YOUR TASK:
Repeat every line below exactly as it reads.
::: GIVEN INFORMATION
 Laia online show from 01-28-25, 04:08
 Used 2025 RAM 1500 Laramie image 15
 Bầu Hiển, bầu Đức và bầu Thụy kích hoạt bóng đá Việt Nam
::::::
FINAL ANSWER:
 Laia online show from 01-28-25, 04:08
 Used 2025 RAM 1500 Laramie image 15
 Bầu Hiển, bầu Đức và bầu Thụy kích hoạt bóng đá Việt Nam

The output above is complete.